For circuit judge: Scott and Merritt

A Times Editorial
Published October 20, 2006

Voters in the 5th Judicial Circuit will choose two new judges for the sprawling circuit that includes Hernando, Citrus, Lake, Sumter and Marion counties. These are nonpartisan positions and voters in all five counties will choose the circuit judges, who serve four-year terms and earn $145,080 a year.

The circuit is roughly the size of Connecticut and has more than 750,000 residents. Last year there were about 36,000 court filings in the circuit.

The Times' recommendations follow.

In the Sept. 5 elections, two races wound up in runoffs when the leading candidate did not receive 50 percent, plus one, of the vote total. The top two finishers in each race now face each other in the Nov. 7 general election.

Group 29

Edward Scott has spent his entire career in the law, honing his skills as a street cop, a deputy, a prosecutor, a public defender and then a private attorney. There is precious little, if anything at all, dealing with the legal system he has not experienced first-hand.

This comprehensive training and a lifetime of learning has prepared the 55-year-old Ocala attorney to take the next professional step, to the Circuit Court bench.

Scott won 45 percent of the votes in the Sept. 5 race, while Sandy Hawkins collected 36 percent. Peyton Hyslop finished third with 19 percent.

Quiet and thoughtful, Scott brings a measured approach and respect for the legal system and for the people whose lives are impacted by the law. He pledges that anyone who appears in his court will know that they were treated with dignity and respect, no matter what the outcome.

It is his varied and lengthy education and professional experience, however, that makes him the best qualified person in the Group 29 race.

His opponent, Assistant State Attorney Sandy Hawkins, brings a different kind of experience to her candidacy. As a prosecutor, she is involved in the real day-to-day world of the courthouse. She has a strong feel for the pulse of the community after handling hundreds of misdemeanor and felony cases over the last nine years.

Hawkins' personal life is also an inspiration. Raised in the Florida countryside, she worked hard and put herself through the University of Florida and then Stetson College of Law. As a single mother, she has raised six sons while working at a very stressful position.
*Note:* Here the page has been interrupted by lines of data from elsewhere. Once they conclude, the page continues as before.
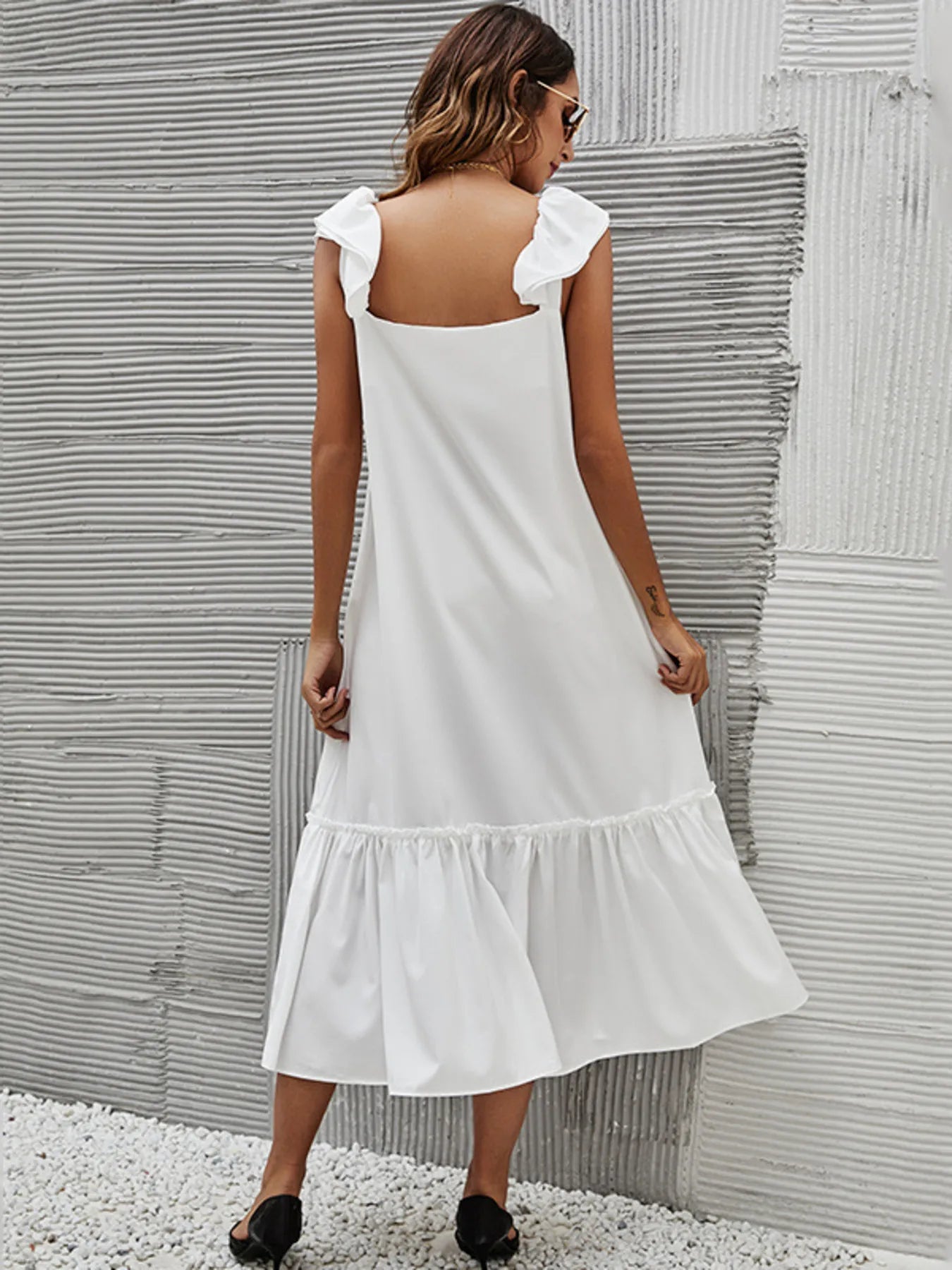 Full Size Ruffled Hem Midi Dress with Cap Sleeves Plus Size - adritiX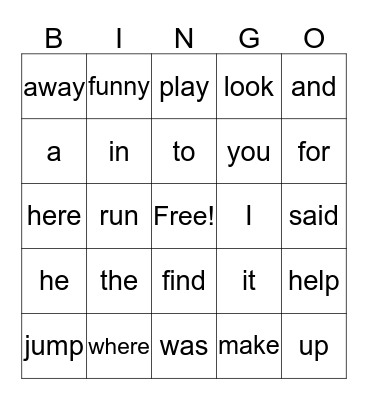 K Bingo Card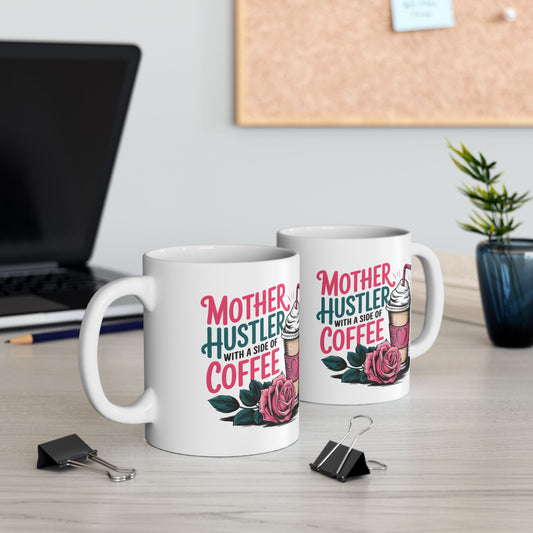 Mother Hustler With Coffee Mug | Cute Coffee Cup Illustration
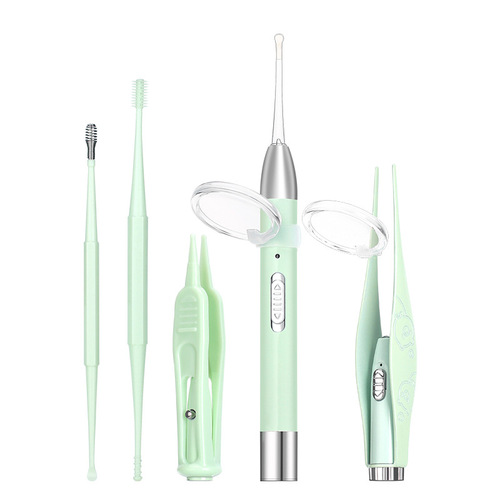New rechargeable light-emitting ear spoon set children's visible ear tweezers booger clip double-ended silicone ear spoon wholesale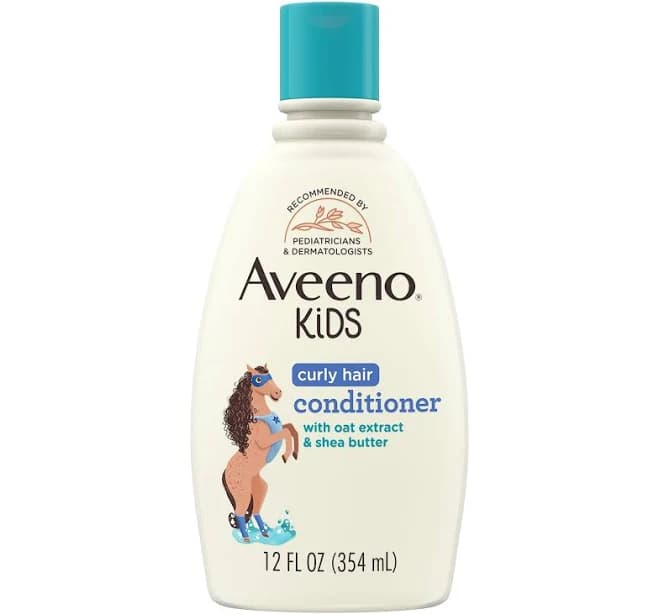 Aveeno Kids Curly Hair Conditioner Hydrating Conditioner Kids Curly Hair Products Oat Extract & Shea Butter Gentle Scent 12 fl. oz (Pack of 1)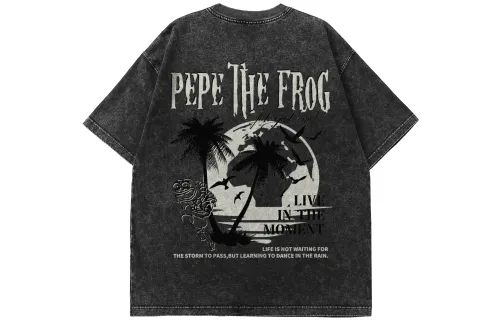 Pepe The Frog T Shirts Unisex Crew Neck Moderate Heavyweight
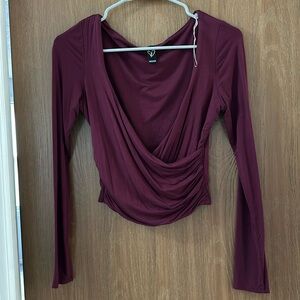 Maroon V-Neck Long Sleeve Blouse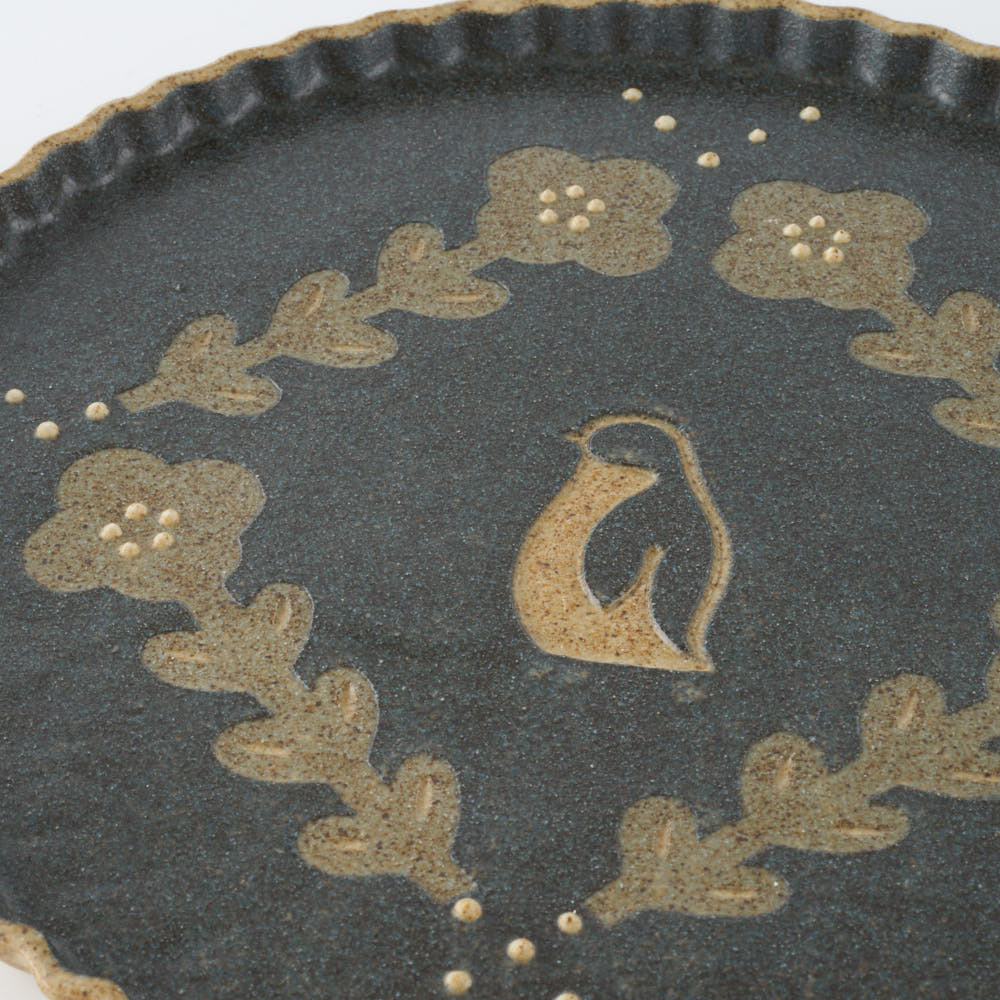 作家 田中遼馬 なみなみプレート195mm/花ペンギン/重ねネイビー 苔色工房 陶磁器作家もの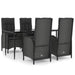 5 Piece Garden Dining Set With Cushions Black Poly Rattan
Hawkins is very believable when she says that as a judge, she will be able to relate to the people who come before her. Her compassion and work ethic are unquestioned.

If she does not succeed in this race, Hawkins should continue to seek a seat on the bench because the legal system can never have enough high-achievers who have persevered despite long odds.

She must also broaden her legal experience beyond the criminal court side. Scott's career reflects a determination to succeed in all aspects of the system, a goal that he has accomplished.

The Times recommends that voters elect Edward Scott to the Group 29 Circuit Court bench.

Group 31

After a three-way race in the September Primary Election for the Group 31 judgeship in the 5th Judicial Circuit, Daniel B. Merritt Jr. fell seven-tenths of a percentage point short of winning outright the 50-percent-plus-one margin for a win. He bested challengers Jeff Kirk, who garnered 33 percent of the vote for the runoff spot, and Sabato "Sal" DeVito, whose 17 percent eliminated him from this race.

The majority of voters picked the best candidate the first time around, and we encourage them to back Merritt again.

Merritt's 16 years of experience as a private attorney have afforded him the opportunity to represent a diverse group of people. He has specialized in family, probate, business and real estate law. That wide-ranging experience has given him the tools needed to rule from the bench with practical perspective. His deep roots in his native Hernando County, in which he would mainly serve, augment his candidacy positively.

Merritt was one of the Judicial Nominating Committee's choices for a Hernando County judgeship in 2005, but he failed to earn the nod from Gov. Jeb Bush. Still, that distinctive acknowledgement of his background strengthens Merritt's candidacy in this race against Kirk, whose experience as an assistant Hernando County attorney and a city councilman in Homestead, while truly admirable, cannot overcome Merritt's proficiency as an advocate for everyday litigants.

Merritt possesses the legal temperament and credentials to serve the people of the 5th Judicial Circuit. Although we very much respect the qualifications of his opponent, we recommend Merritt in this contest.